Put yourself in the shoes of the first Christians to hear this text from Peter. You know stones and buildings well, and the most famous in your experience is the temple in Jerusalem. At the moment, it still stands; but before His death, Jesus prophesied that the time would come when the temple would be destroyed, without one stone left upon another. That time came just a handful of years after Peter writes this text. Remember, the chief priests and leaders rejected Jesus and had Him crucified: they refused to believe He was the Messiah. Thus, they rejected the cornerstone—He was a stone of stumbling and a rock of offense to them. Because they rejected Jesus, they turned to other messiahs instead: not saviors from sin, but nationalists who want to rebel against Rome. Just a few years after Peter writes this epistle, Rome has had enough. It sends armies to Jerusalem, and the city falls after a horrific siege. The soldiers meticulously dismantle the temple. The identity of the Jews as a people is tied to the temple: if the Romans destroy the temple, they go a long way to erasing their identity: the Jews go from being the “chosen people” to “not a people,” and those who survive are scattered. Does this mean that God has forsaken the world? What of those who trust in Christ?

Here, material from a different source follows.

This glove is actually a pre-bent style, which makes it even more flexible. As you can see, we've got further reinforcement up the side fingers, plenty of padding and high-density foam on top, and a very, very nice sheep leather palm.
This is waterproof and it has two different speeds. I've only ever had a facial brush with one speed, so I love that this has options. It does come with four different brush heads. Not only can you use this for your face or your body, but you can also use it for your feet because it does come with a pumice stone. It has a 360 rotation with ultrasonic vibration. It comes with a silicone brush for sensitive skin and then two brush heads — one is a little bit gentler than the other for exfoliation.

For those shell-shocked by the destruction, this text gives great hope: for Peter says, “As you come to Him, a living stone rejected by men but in the sight of God chosen and precious, you yourselves like living stones are being built up as a spiritual house, to be a holy priesthood, to offer spiritual sacrifices acceptable to God through Jesus Christ” (1 Peter 2:4-5). The Lord is building a new temple: not one of stones constructed by human hands, but His Church. The cornerstone, chosen and precious, has been laid by Jesus‟ death and resurrection. His people are built upon Him like living stones; and to them Peter writes, “But you are a chosen race, a royal priesthood, a holy nation, a people for his own possession, that you may proclaim the excellencies of him who called you out of darkness into his marvelous light. Once you were not a people, but now you are God’s people; once you had not received mercy, but now you have received mercy” (1 Peter 2:9-10).

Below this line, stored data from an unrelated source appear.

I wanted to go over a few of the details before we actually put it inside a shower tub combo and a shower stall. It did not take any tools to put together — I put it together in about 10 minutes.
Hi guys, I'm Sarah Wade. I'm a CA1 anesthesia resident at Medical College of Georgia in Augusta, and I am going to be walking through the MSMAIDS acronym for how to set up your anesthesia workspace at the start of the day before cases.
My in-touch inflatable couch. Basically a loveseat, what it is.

With Jerusalem wiped out, one might wonder if God has any patience left. The chosen people are obliterated. But Peter says, “You are a chosen race.” This is not by lineage or ancestry, but by the promise of grace: both Jews and Gentiles who trust in Christ for salvation are now the people of God.

“You are a royal priesthood,” says Peter. The temple in Jerusalem is gone, its priests slaughtered and the sacrifices there discontinued. But the sacrifices there are no longer needed, because Jesus has been sacrificed for the sins of all. Now, you are a royal priesthood: for the sake of Jesus, it is given to you to draw near to God. It is given to you to offer the only sacrifice that is left: a sacrifice of praise, proclamations of what Jesus has done and a life lived in gratitude for it. This is a present reality: you are not auditioning in the hopes that you will earn a place in the royal priesthood of God; rather, for the sake of Jesus, the Lord declares that you are in His royal priesthood even now.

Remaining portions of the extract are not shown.